Source records:

____________

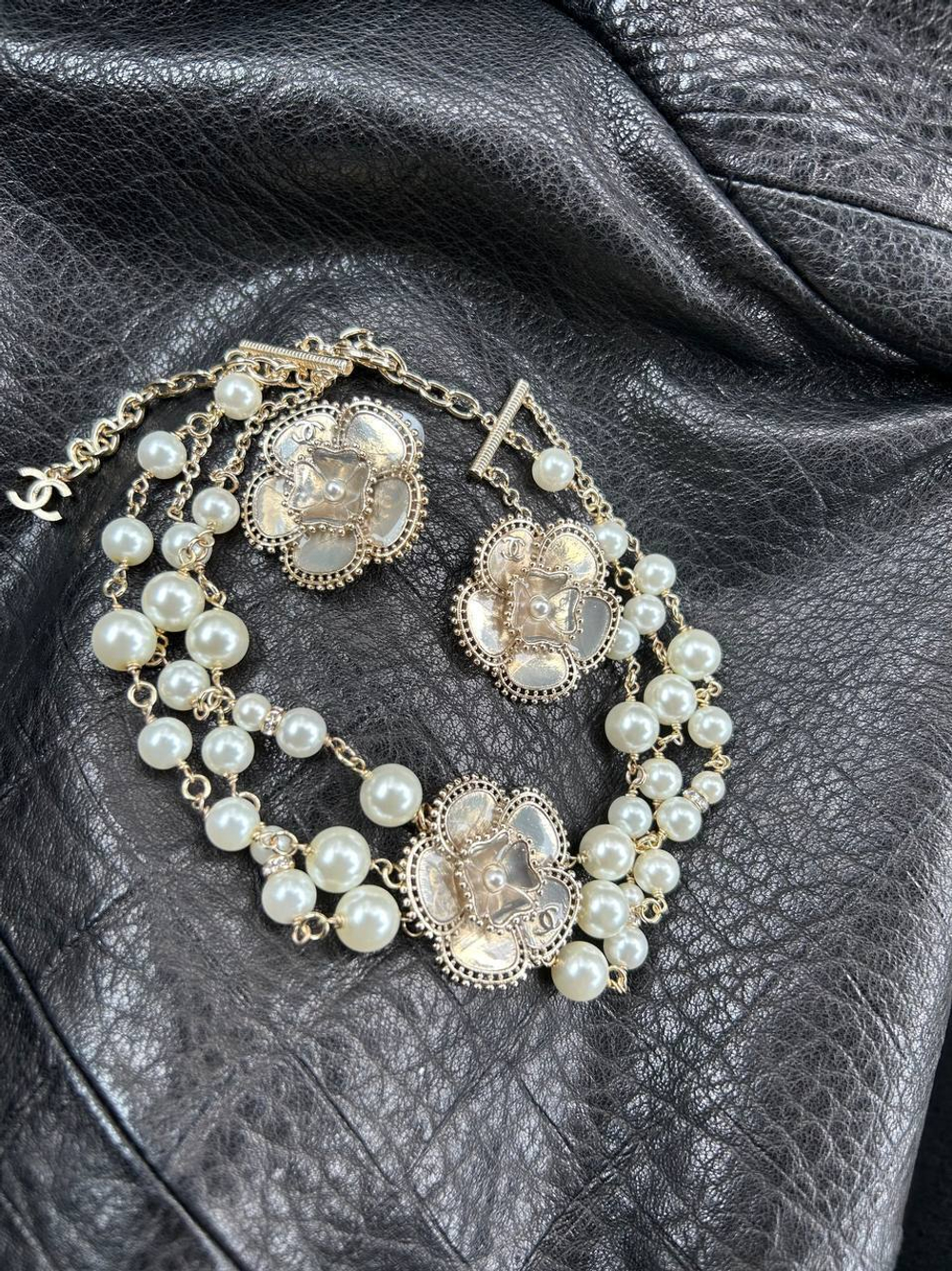 Чокер CHANEL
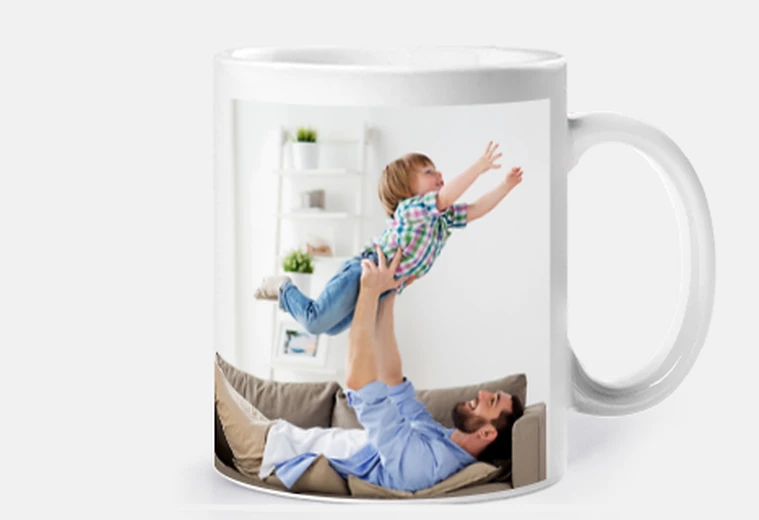 mug personnalisé avec photo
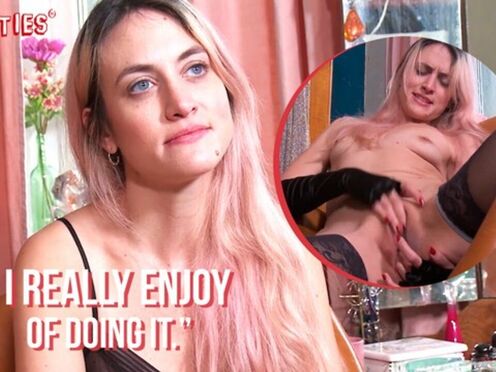 Ersties - Hot Blonde Rachel Gets Kinky With Nipple Clamps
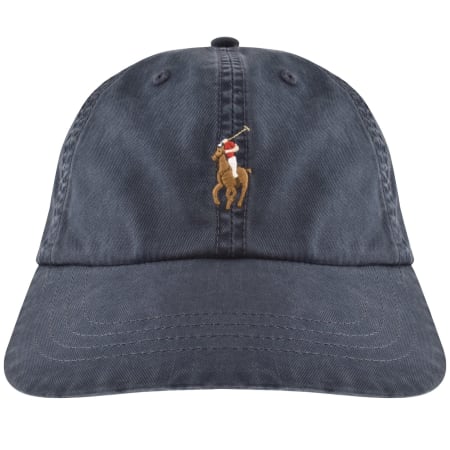 Product Image for Ralph Lauren Classic Baseball Cap Ink Blue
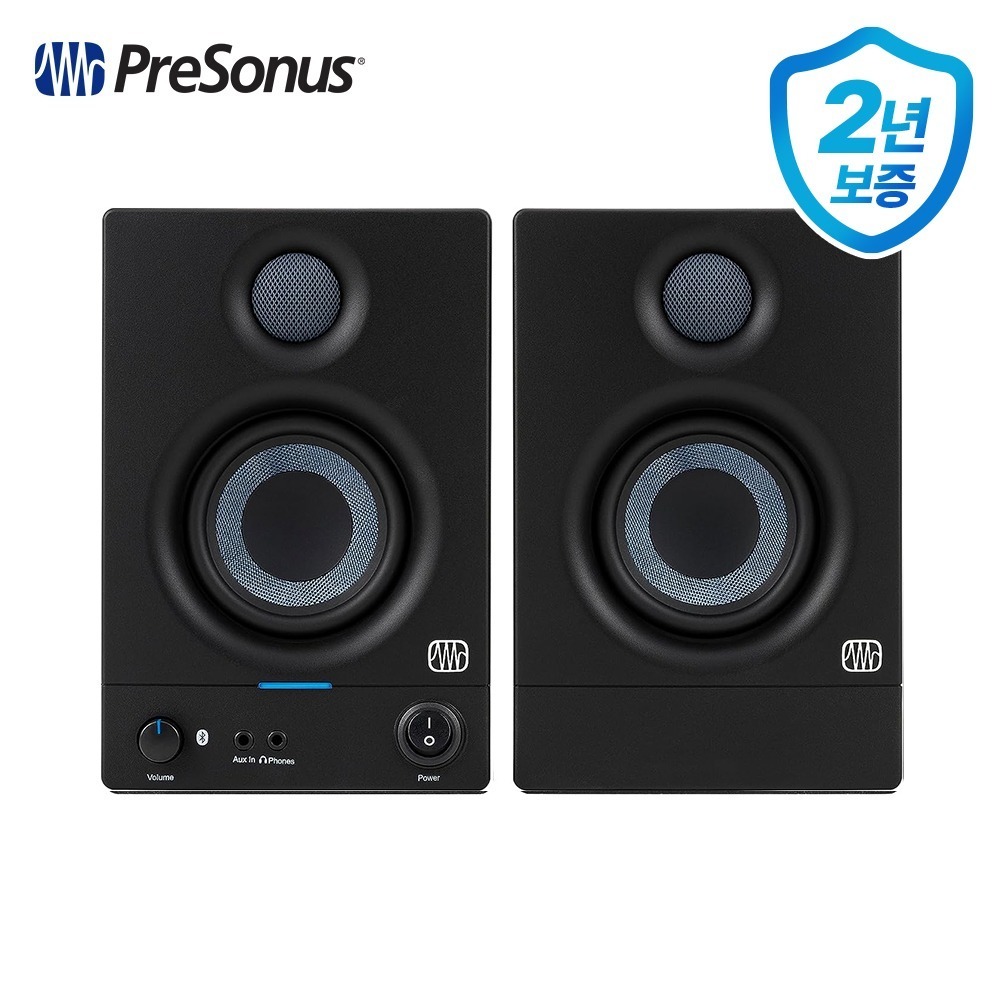 PreSonus Eris 3.5 BT GEN2 프리소너스 에리스 2세대 블루투스 모니터 스피커 1조(2통)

____________

> **What the exercise asks**
For this task, give again exactly the lines from the line with "Product Image for" through the end of the entries, including both ends, and omit the pictures.

> **Result**
 Product Image for Ralph Lauren Classic Baseball Cap Ink Blue
 PreSonus Eris 3.5 BT GEN2 프리소너스 에리스 2세대 블루투스 모니터 스피커 1조(2통)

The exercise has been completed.